Mr Corbyn added his belief that there needed to be a proper industrial strategy put in place to avoid situations like that experienced by BiFab in recent years.
“You cannot move from crisis to crisis to crisis and deliver on a case by case basis,” he noted.
“You have to have a strategy overall which improves and strengthens the high-skilled industrial base that Scotland has always had.
“Should we have an election and move into government in the very near future, we will put in a national investment bank for the UK and we will properly fund – through the Barnett Formula – an investment bank in Scotland, because the skill levels and the industrial heritage that’s there doesn’t have to be a museum piece in the country.
“It has to be basis for future prosperity, good quality, well-paid, unionised jobs in the manufacturing sector in the country and I’m determined to play my part in that.”
Figures from across the political spectrum took part, including SNP MP Peter Grant, SNP co-leader of Fife Council David Alexander, Labour MSP Claire Baker, Green MSP Mark Ruskell and Annette Drylie and Tam Kirby from the Fife Trades Council.
Mr Ruskell said: “A Scottish Green New Deal means local jobs but it will also need free movement in the EU to be protected to grow the workforce.
“We can’t rely on the dead hand of the free market to grow jobs. Oil and gas companies will extract every last drop until production goes over the cliff and takes communities dependent on the jobs with it. That’s why we need a Scottish Green New Deal to plan now and ensure no workers are left behind.”
Trade unions and workers called on EDF, but also on energy giants Red Rock and SSE, who have won contracts for large windfarms on Scotland’s east coast, to step up and provide meaningful renewable contracts for the yards.
Grahame Smith, general secretary of the STUC, said: “Fife has a proud industrial history, and we must see this return in the form of renewable jobs.
“Renewable energy is one of the key ways we can stop the tide of climate change, and with the yards lying empty and the wind turbines sitting off the coast of Fife, it only makes sense to have the work carried out locally.
“There are workers standing ready to help deliver this work. Fife needs a real industrial strategy that will create the thousands of renewable jobs that have been promised over the years.

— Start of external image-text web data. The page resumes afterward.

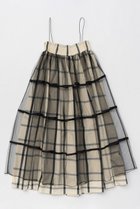 【メゾンスペシャル/MAISON SPECIAL】の2way Tulle Layered Plaid Pattern Volume Silhouette Skirt/2WAYチュールレイヤードチェックボリュームスカート WHT(ホワイト)|ID:prp329100004290107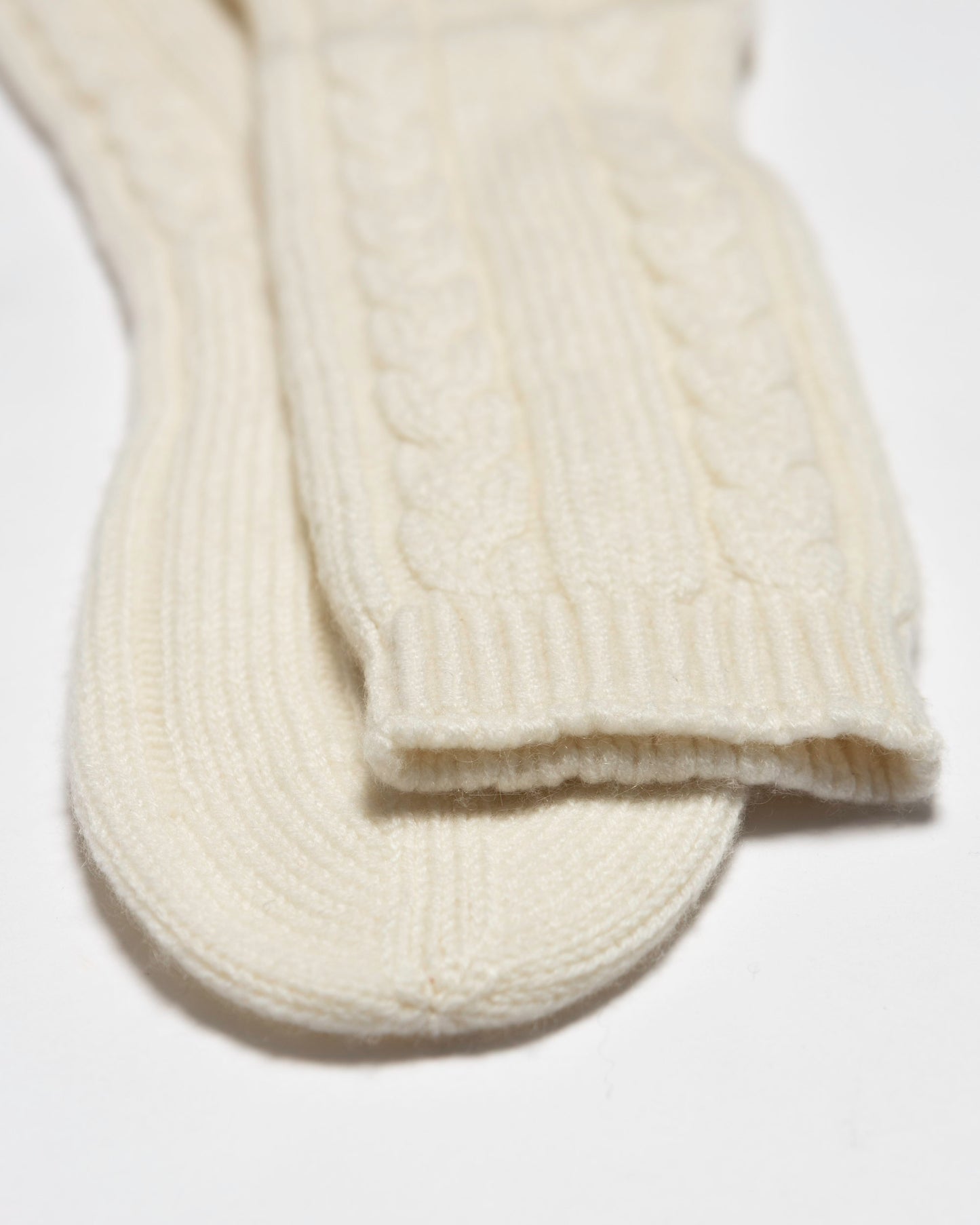 Cable Knit Cashmere Socks
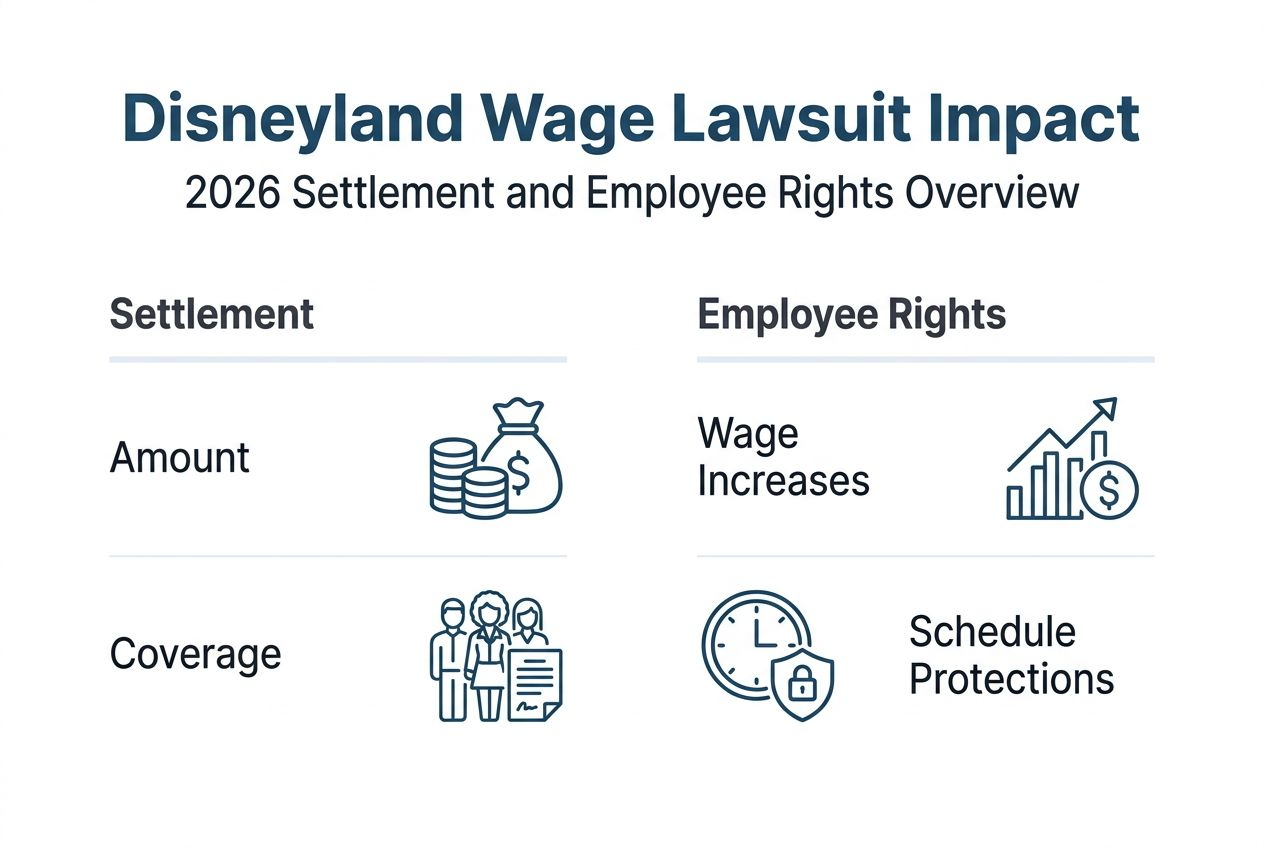 Infographic on Disneyland settlement and employee rights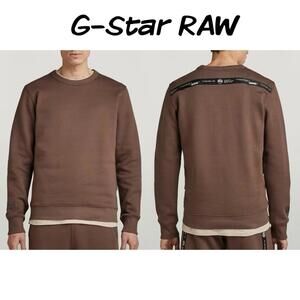 NWT G-STAR RAW Men’s 100% Cotton Logo Tape Sweatshirt in Rain Drum Brown - SMALL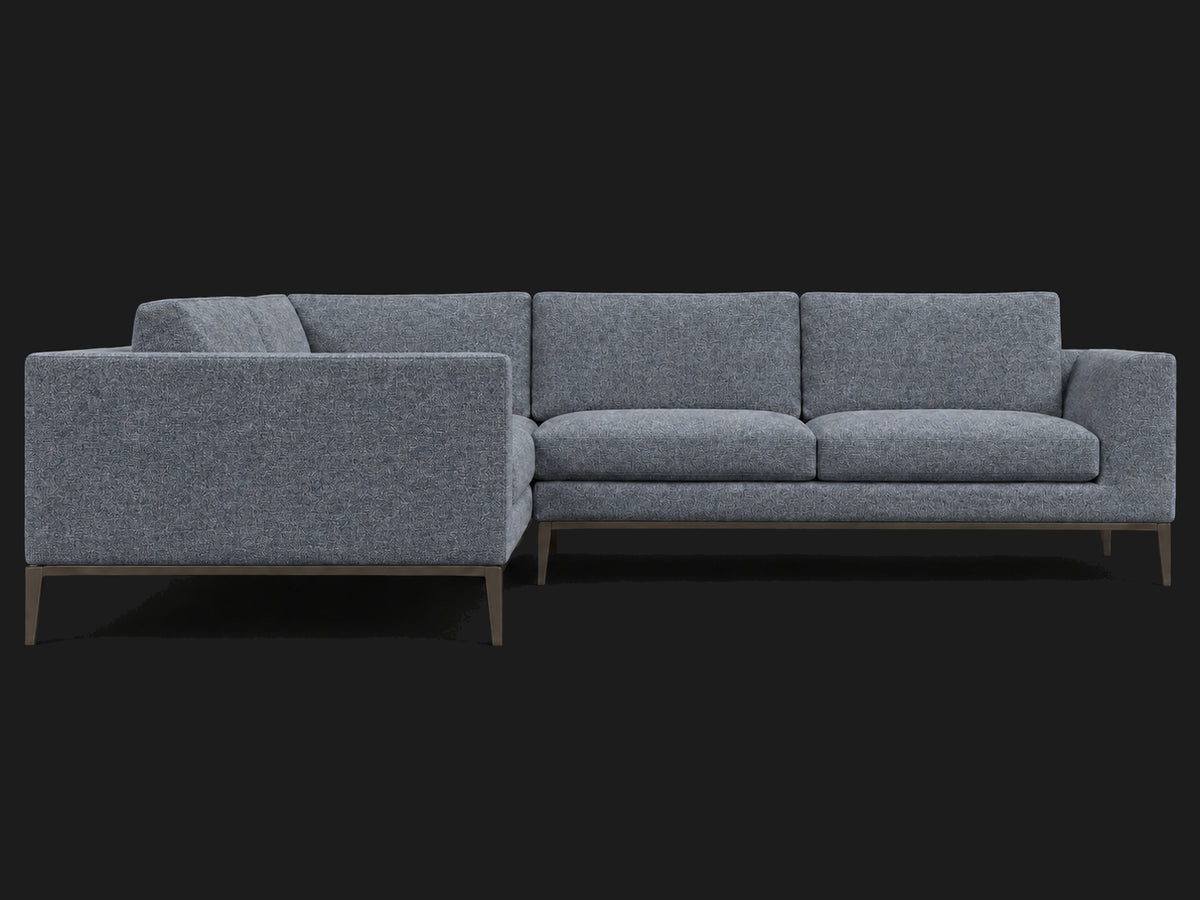 Italia Taper Arm Left-Arm L-Sectional – Heritage Belgian Linen Lake – Burnished Bronze #Fabric & Color_Heritage Belgian Linen Lake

“We urge companies like EDF, SSE and Havelock to do the right thing and create jobs that will be good for the environment, good for workers and good for the local economy.”
Labour leader’s vow to avoid a no-deal Brexit
Mr Corbyn said he and opposition parties are determined to do all they can to prevent a damaging “no-deal crash out” from the European Union.
The Labour leader said that if the UK does leave with no-deal he is determined to hold the government to account to answer for their “irresponsible behaviour” over the last few days.
Prime Minister Boris Johnson is legally bound to ask Brussels for an extension to Article 50 if he cannot get MPs to back a deal by October 19 after Parliament approved legislation designed to prevent a no-deal, but has said he would rather be “dead in a ditch” than ask for a delay.
This week he was forced to deny lying to the Queen in order to secure his five-week suspension to Parliament as the Halloween departure deadline looms.
Mr Corbyn said: “Opposition parties have worked very closely on this. We will do all we can to prevent that no-deal crash-out because of all the damage that will do to jobs, living standards, supply chains, food supplies and medicine supplies, and if it happens we’re absolutely determined to bring this government to account to make them answer for their irresponsible behaviour over the last few days.
“I personally, and my party, will have no truck with this sweetheart trade deal with the USA which would lead to intervention by American companies into our health service, into our public services.”